That said, I was very much aware that it was certainly a good thing to do and would cause me less headaches someday. That someday finally came, and I ran into conflicting package requirements for applications which needed to run simultaneously. This forced me to start using virtualenvs. I think I also found the tool which will make me keep using them even when I don't need to. The tool is pew.

Installation and Basics

The home page lists various options of installing pew. The most straightforward is of course to just use pip install pew. Once you have it installed, typing pew lists the various sub-commands, such as new, workon, ls and others. Eac of the sub-commands is accompanied by a summary of they will do.

So far, I have been mostly working with the above sub-commands. Here is how we can create a new virtualenv:

$ pew new flask-graphql-demo
New python executable in flask-graphql-demo/bin/python2
Also creating executable in flask-graphql-demo/bin/python
Installing setuptools, pip...done.
Launching subshell in virtual environment. Type 'exit' or 'Ctrl+D' to return.
flask-graphql-demo $

Our virtualenv flask-graphql-demo is created and we are in it, which we can check:

$ which pip
~/.local/share/virtualenvs/flask-graphql-demo/bin/pip

We can do all our usual work now (installing other packages, running our applications) and once done, we can simply exit and we will be out of the virtualenv.

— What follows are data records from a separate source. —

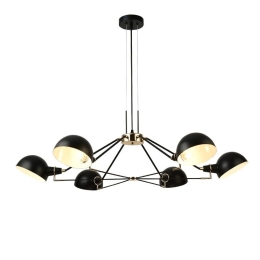 Φωτιστικό Οροφής EG4346P100B 6ΧΕ14 D100ΧH100 Black Aca Decor Μέταλλο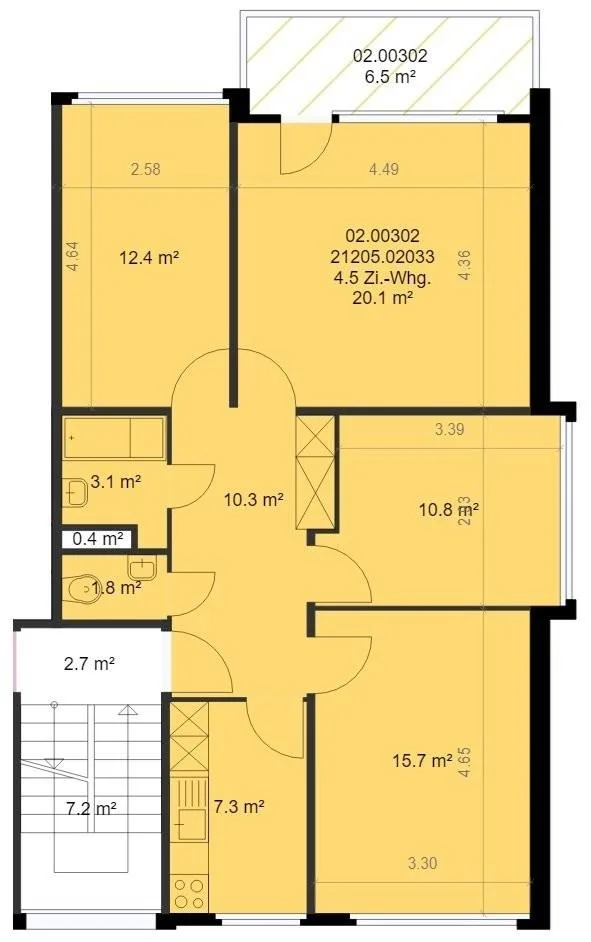 Appartamento tranquillo di 4,5 locali a 81 m2 al 1° piano – foto 12 di 12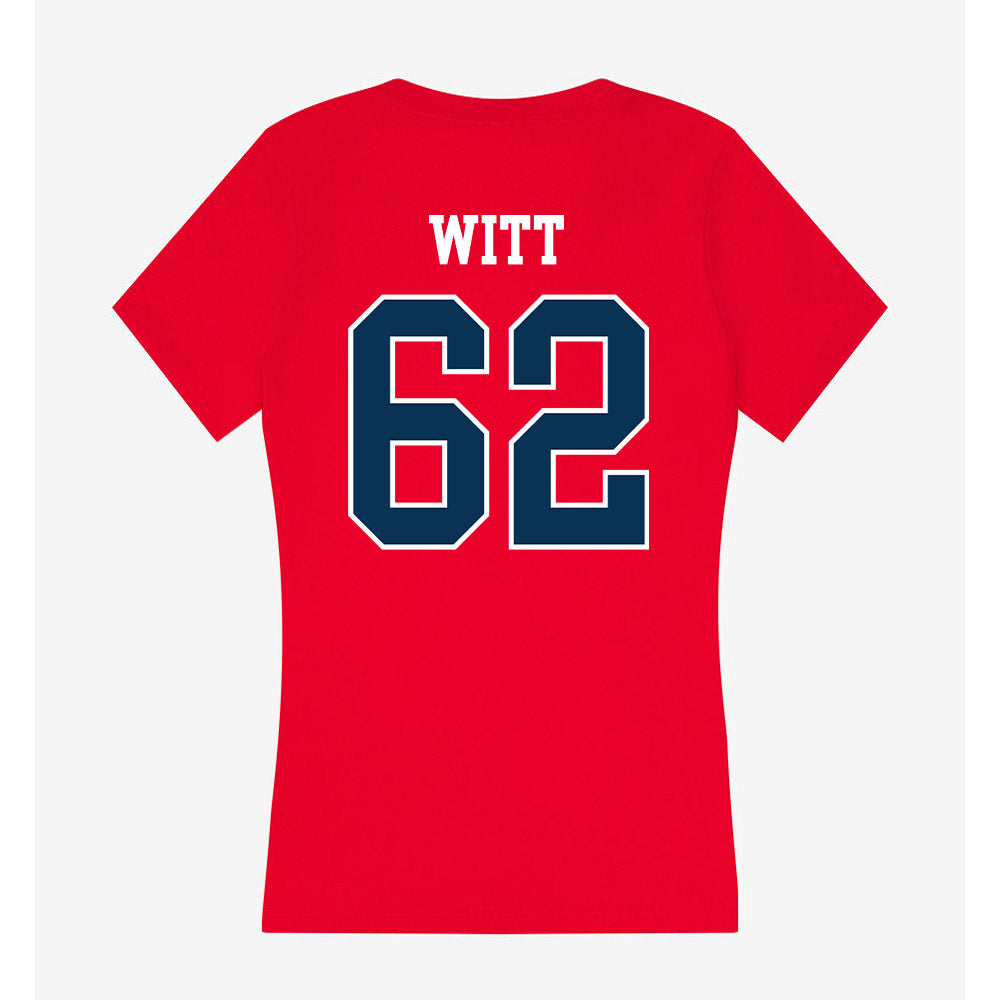 Saginaw Valley - NCAA Football : Trevor Witt - Women's V-Neck T-Shirt-1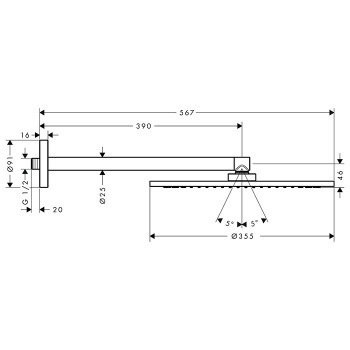 Axor ShowerSolutions Верхний душ, Ø 35см., 1jet, с держателем 39см, настенный монтаж, ½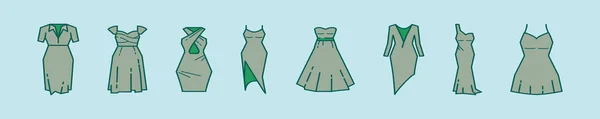 Set Van Jurk Cartoon Pictogram Ontwerp Sjablonen Met Verschillende Modellen — Stockvector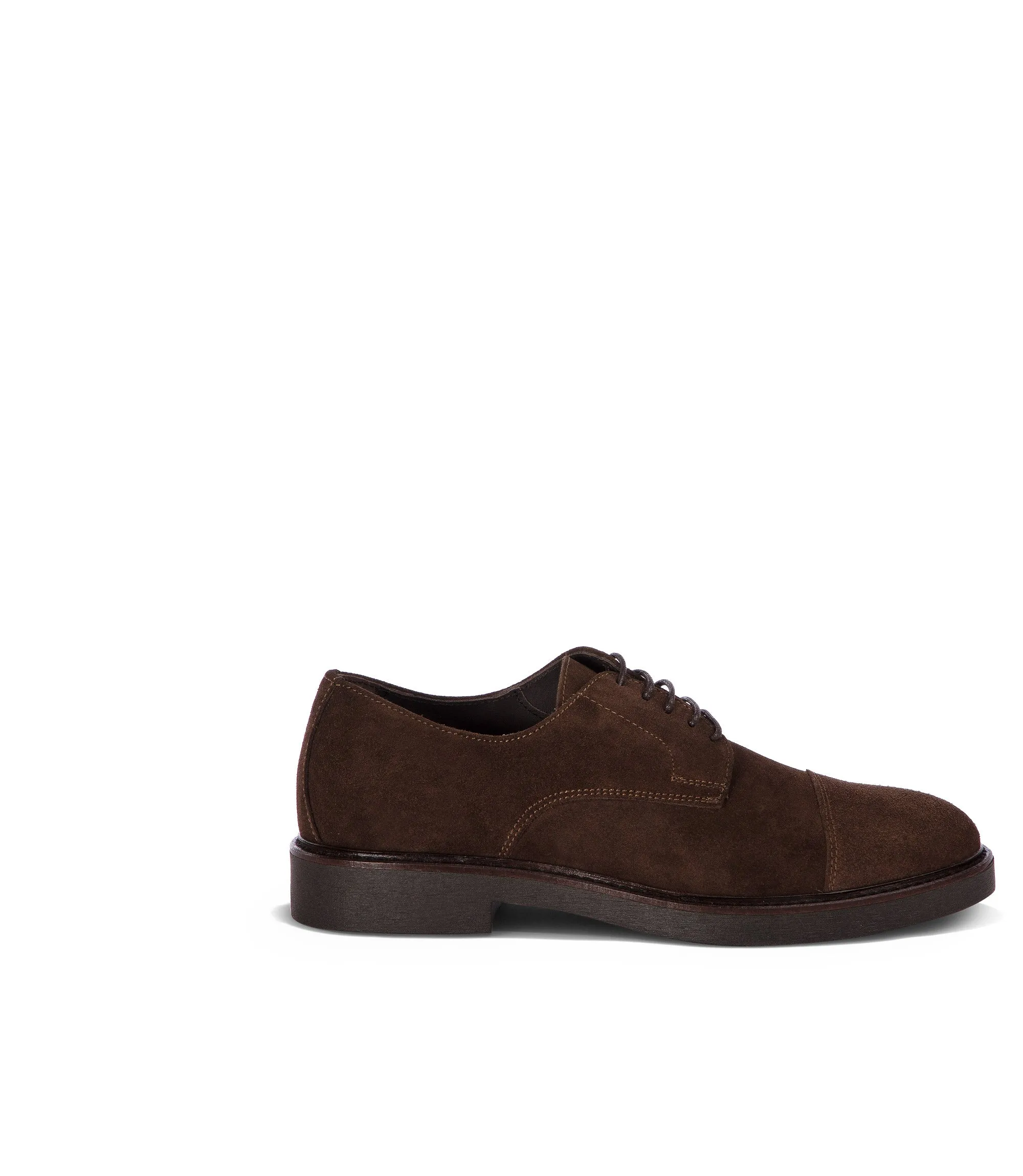 Brown suede derby shoes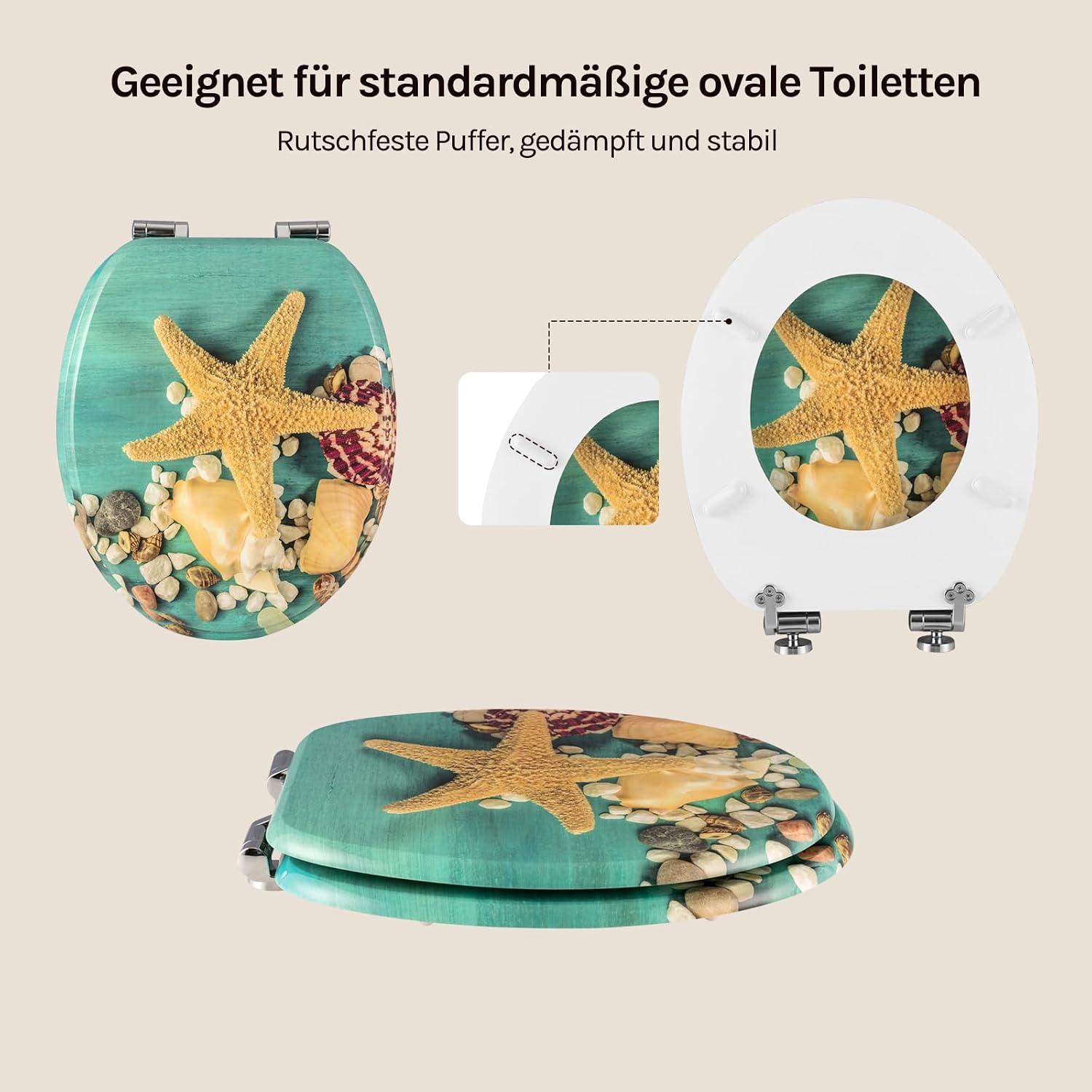 Detalle de WOLTU Premium Toilettensitz mit Absenkautomatik – O-Form, MDF-Holzkern, Soft-Close, Antibakteriell, Seestern-Design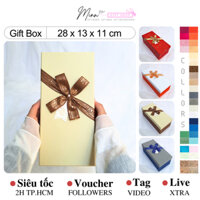 HỘP QUÀ 28 x 13 x 11 cm | C222 Minn Meow - Hộp chữ nhật cao cấp sang trọng đựng quà tặng có hạt xốp giấy rơm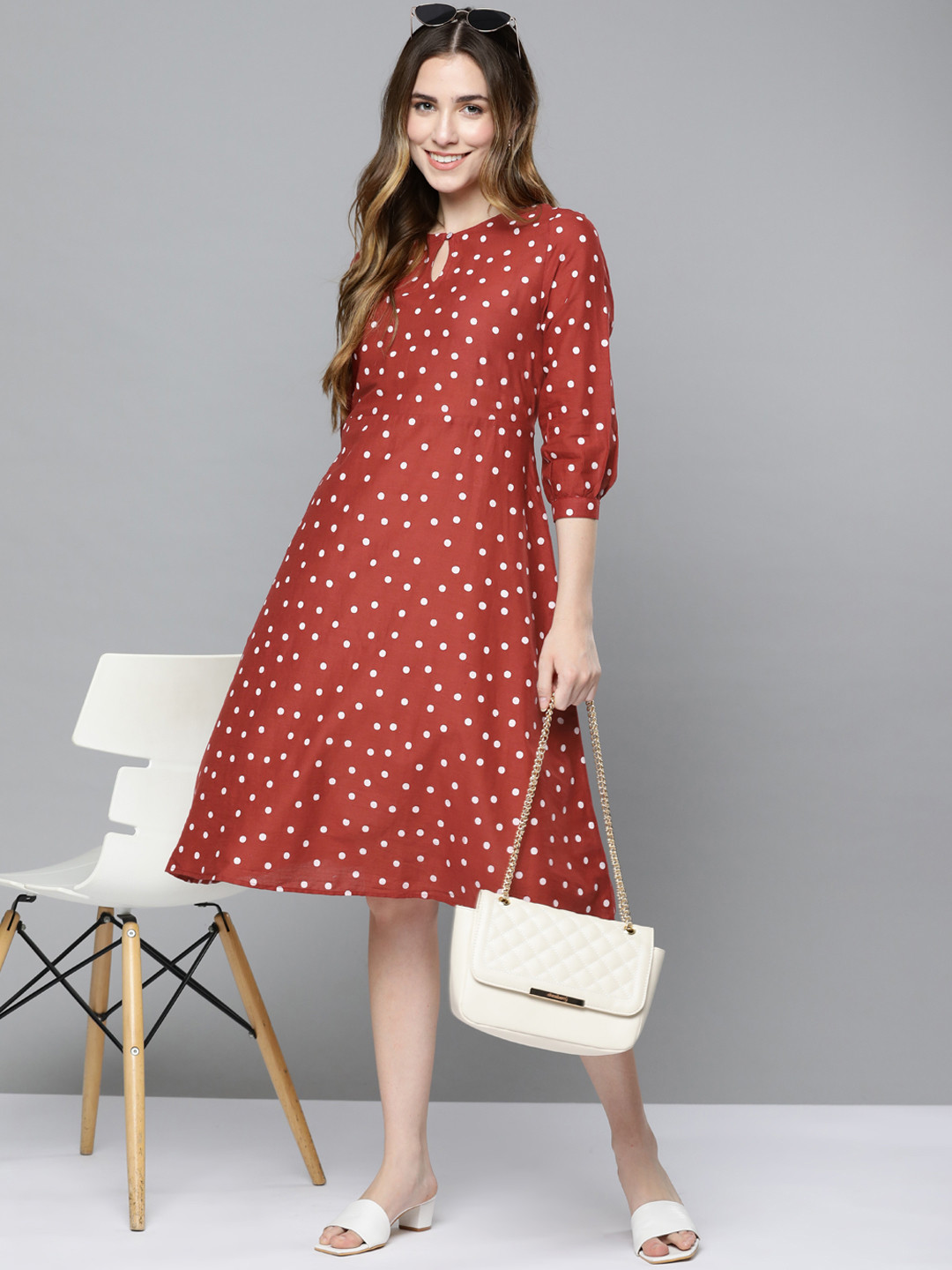 HERE&NOW Maroon & White Pure Cotton Keyhole Neck A-Line Dress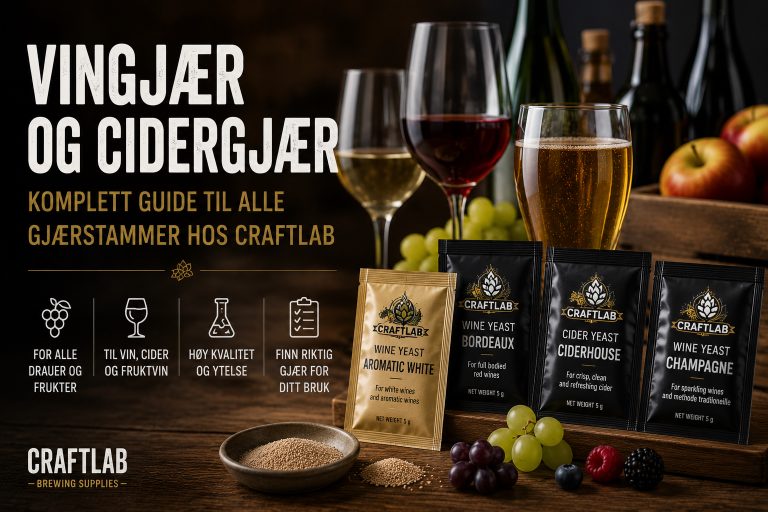Vingjær og cidergjær – komplett guide til alle gjærstammer hos CraftLab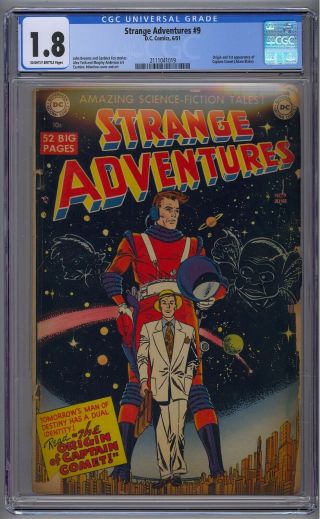 Strange Adventures 9 Cgc 1.  8 Origin/1st Captain Comet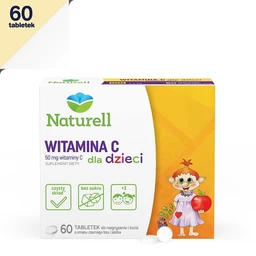 Naturell Witamina C dla dzieci 50 mg tabletki do rozgr. i żucia o smaku czarnego bzu i jabłka 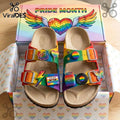 Pride Month Rainbow Cork Footbed Sandal Birken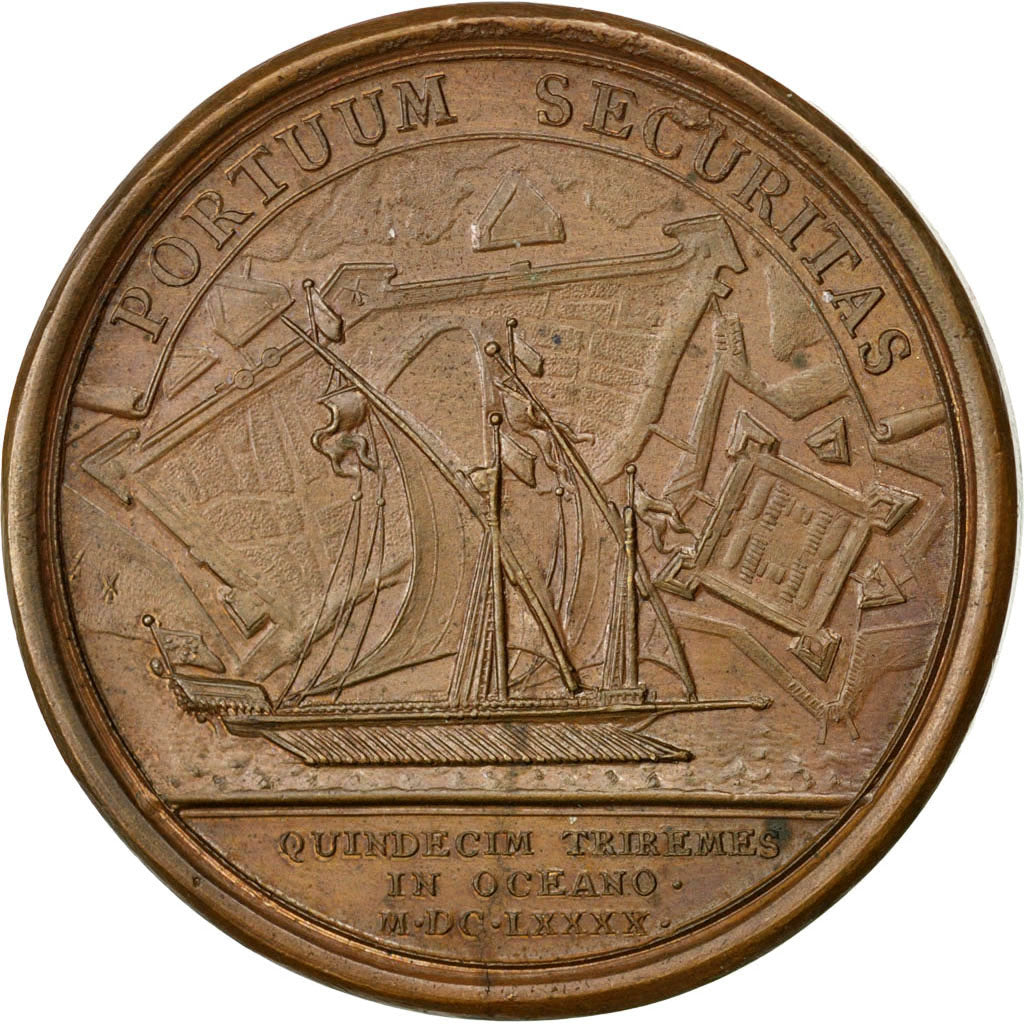FRANCE, Shipping, Louis XIV, Medal, AU(55-58), Copper, 41, Divo #232, 28.60
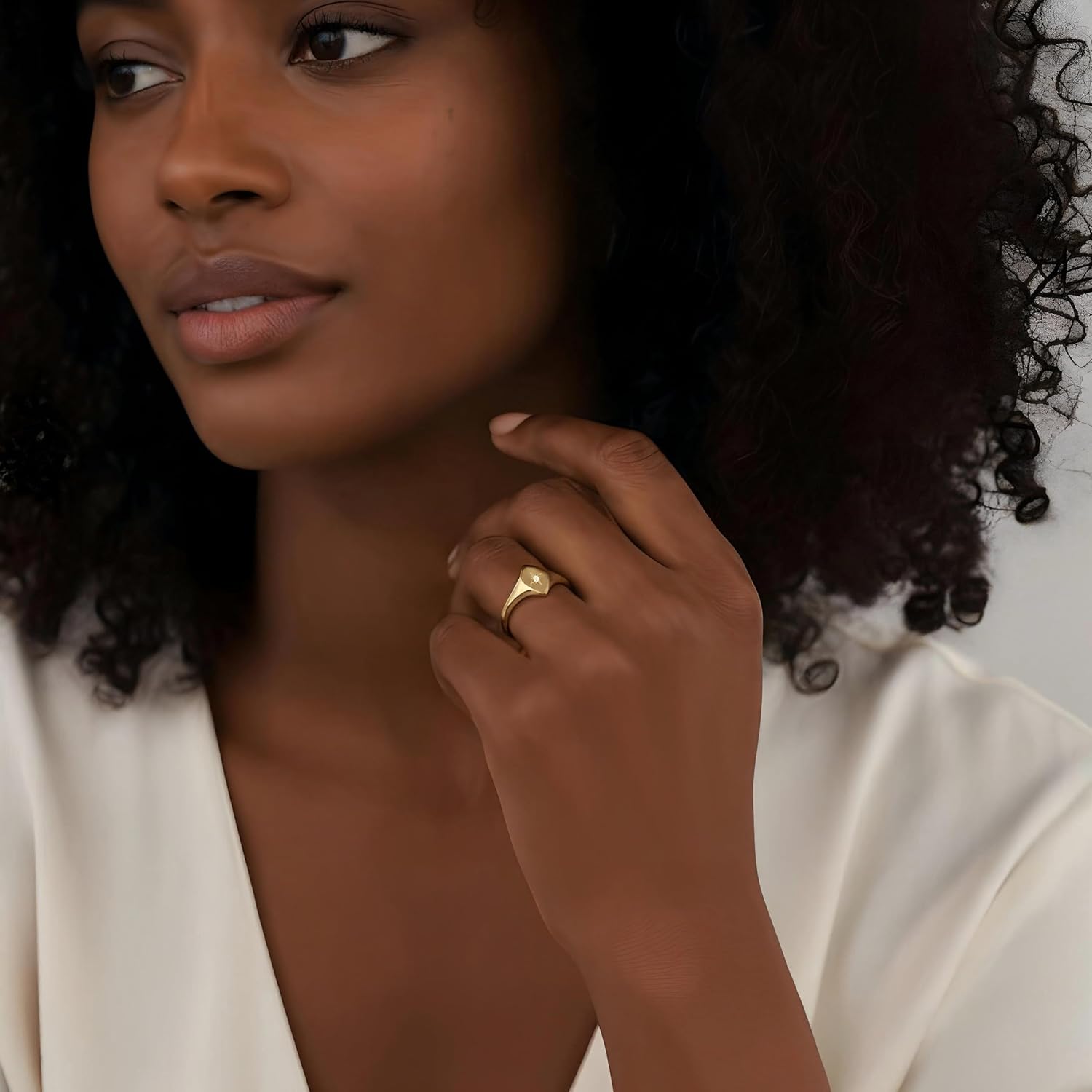 CZ Gold Marquise Signet Ring - Star Engraving CZ Paved - 14k Gold Ring for Women - Handmade Gold Jewelry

Now, if I want to resume work on this particular project, I can first use pew ls to list the currently created virtualenvs:

$ pew ls
flask-graphql-demo

and then use pew workon flask-graphql-demo to start working on it again. On Linux, pew workon also gives me all the available virtualenvs as suggestions automatically.

Conclusion

As you may have already seen, pew has a number of other features which should make working with virtualenvs really easy. It has definitely made me change my approach to working on Python projects.